# 📈 Inflation Predictor

A data science project focused on predicting inflation rates using historical data from the World Bank. This repository contains code and documentation for the full machine learning pipeline, from data acquisition and preprocessing to model deployment via Streamlit.

### 🔬 Key Processes:

1. **Data Collection** – Fetching datasets from the World Bank API or CSV files.
2. **Data Cleaning** – Handling missing values, formatting inconsistencies, and outliers.
3. **Exploratory Data Analysis** – Understanding distributions, trends, and correlations.
4. **Feature Engineering** – Generating relevant features such as lag variables, rolling averages, and economic ratios.
5. **Model Training** – Training and tuning the XGBoost model using scikit-learn pipelines.
6. **Evaluation** – Measuring performance using RMSE, MAE, and R².
7. **Visualization** – Presenting insights and predictions in a user-friendly format.
8. **Deployment** – Deploying the predictive model using Streamlit.

Import the Key Libraries used in the data workflow.

In [3]:
import seaborn as sns 
import matplotlib.pyplot as plt 
import matplotlib.ticker as ticker
from sklearn.model_selection import train_test_split
from sklearn.metrics import mean_absolute_error
import pandas as pd 
import numpy as np 
import streamlit as st 
import xgboost as xgb

Load the data.
This data is a csv file from the world bank showing all the inflation rates from 1960 to 2023.

In [4]:
# Step 1: Load the data
my_data = r"/Users/d/Desktop/world_inflation_data/Sheet 1-API_FP.CPI.TOTL.ZG_DS2_en_csv_v2_122376.csv"
df = pd.read_csv(my_data, skiprows = 4)

Now, because of the shape of the data, we'd have to melt it, such that pandas can easily interpret it.
We are trying to minimise errors.

In [5]:
# Step 2: Reshape / melt the wide format into long format
df_long = df.melt(
    id_vars=["Country Name", "Country Code", "Indicator Name", "Indicator Code"],
    var_name="Year",
    value_name="Inflation"
)

Step 3: Clean the Year column

df_long["Year"] = pd.to_numeric(df_long["Year"], errors="coerce")

What’s happening here?
df_long["Year"]:  This selects the Year column from our DataFrame df_long.
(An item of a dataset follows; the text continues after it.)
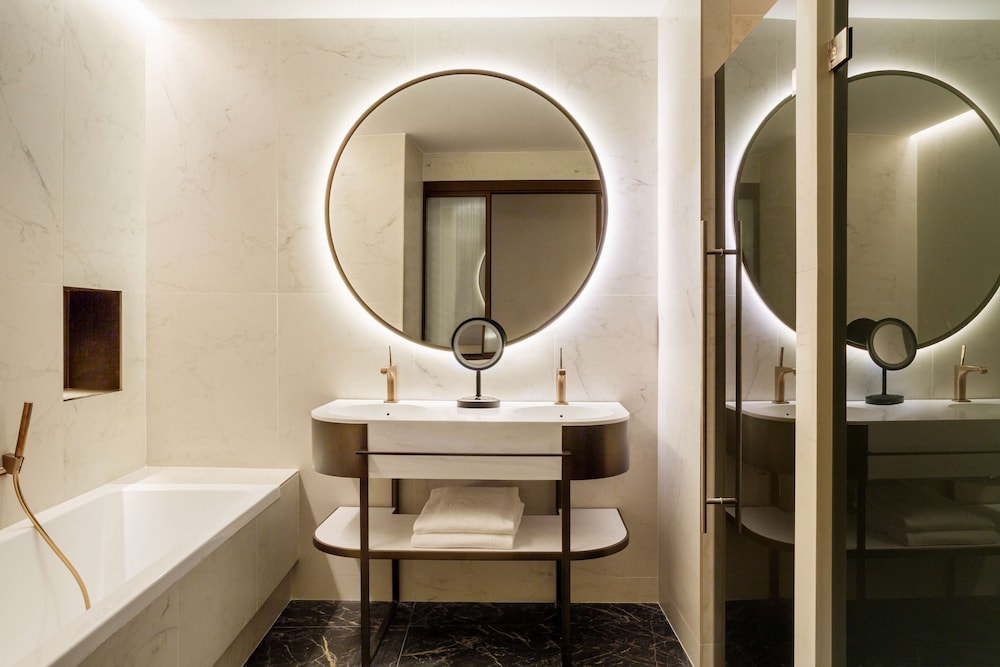 Radisson Collection Hotel, Magdalena Plaza Sevilla — Hotel rooms in Seville, Andalusia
At this stage, the Year column might not be in a clean numeric format. For example, it could contain values like:
"1990", "1991", "N/A", "Year 1992", "missing"
pd.to_numeric(..., errors="coerce"):
This function tries to convert values to numbers.
If a value can be converted (e.g. "1990" → 1990), it becomes a number.
If a value cannot be converted (e.g. "N/A" or "Year 1992"), then:
With errors="coerce", it replaces the value with NaN (Not a Number).
The result is assigned back to df_long["Year"], so now the entire column will contain clean numeric year values or NaN where conversion failed.

In [6]:
# Step 3: Clean the Year column
df_long["Year"] = pd.to_numeric(df_long["Year"], errors="coerce")